■ **RECORDS FOR THE EXERCISE**:
*-*-*

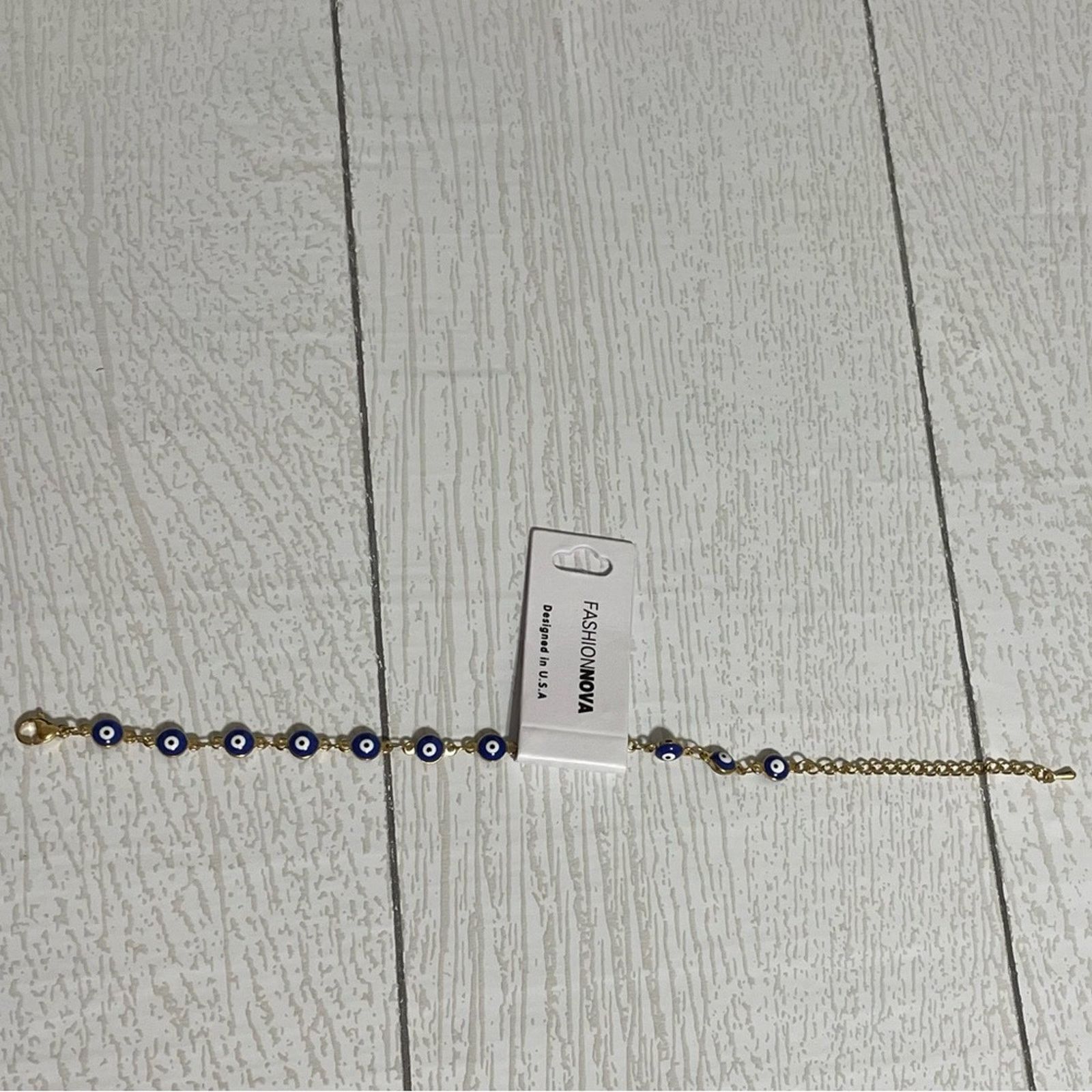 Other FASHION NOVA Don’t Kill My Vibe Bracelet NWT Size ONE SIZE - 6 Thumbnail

*-*-*

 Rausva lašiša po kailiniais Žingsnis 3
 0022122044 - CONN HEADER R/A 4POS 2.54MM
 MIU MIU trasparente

*-*-*

■ **REQUIRED ACTION**:
Please copy, exactly as written, every line in the listing above from the line with "0022122044 - CONN HEADER R/A 4POS 2.54MM" up to and including the line with "MIU MIU trasparente".

■ **SOLUTION FOR THIS EXERCISE**:
 0022122044 - CONN HEADER R/A 4POS 2.54MM
 MIU MIU trasparente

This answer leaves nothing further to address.